Saturday, March 19, 2016

Driving St. Paddy's Day night was like pulling teeth. But I got lucky


This Saint Patrick 's Day didn't start out all that great. I start at my garage on 18th Street in the South Bronx and head into Harlem over the Third Avenue Bridge. I caught my first fare at 12th Street and Lexington Avenue, a thirtyish  Latina and this older and seemingly mentally delayed older white guy. They were going to The Bronx up near the Throggs Neck Bridge. The traffic was brutal most of the way and they were arguing in coded words I took to be drug related. He wanted to get high then and there in my taxi. She had a bag of whatever in her purse and wasn't going to share it till they got home. Surprisingly she not only paid in full, in cash without drama but she even gave me a fairly decent tip. But there I was, nowhere near my next fare, six pm and I had forty dollars. I didn't get another fare till 6:45. 

The entire night was slow, like pulling teeth. The streets were quiet and empty taxis raced each other going nowhere. 

It was at around three in the morning that I picked up my first and only serious drunks of the night, three young Irish guys on Bleeker and MacDougal going to Jersey City. I made an agreement with the spokesman, the one who seemingly knew where he was. Sixty bucks, cash, all in. On the Jersey side he asked me to stop and pull over. He vomited on the sidewalk, not on my door. I appreciated that. They didn't have sixty bucks between them. That I didn't appreciate. The first credit card got declined. Uh oh. It worked out okay though, I got $84 on the third card and headed back to Manhattan.  

As often is the case for me I made good money near the end of the shift. I took a Black cop home from his friend's place in Stuyvesant Town to Park Slope. Forty bucks.

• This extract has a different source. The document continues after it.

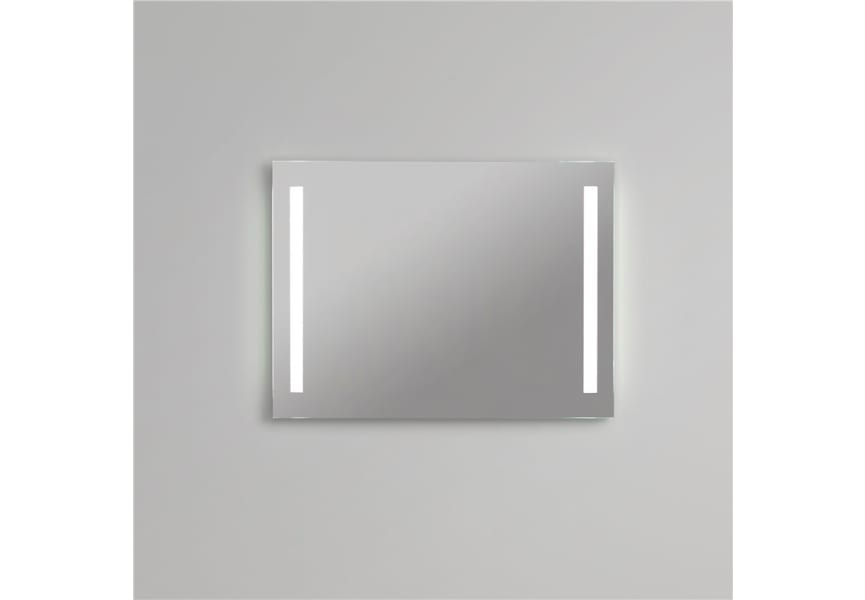 Espejo de baño SANTORINI de 120x80 cm con luz LED en marco fino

Out on Flatbush Avenue, amib an armada of empty taxis racing to the Manhattan Bridge, I had the good fortune of catching another forty dollar ride, all the way to 72nd and Broadway.  From there I caught one back into the Bronx, twenty-nine dollars, no tip, and I turned in for the night at the stroke of five in the morning. I made $249.00 for myself. The closing two hours saved my night.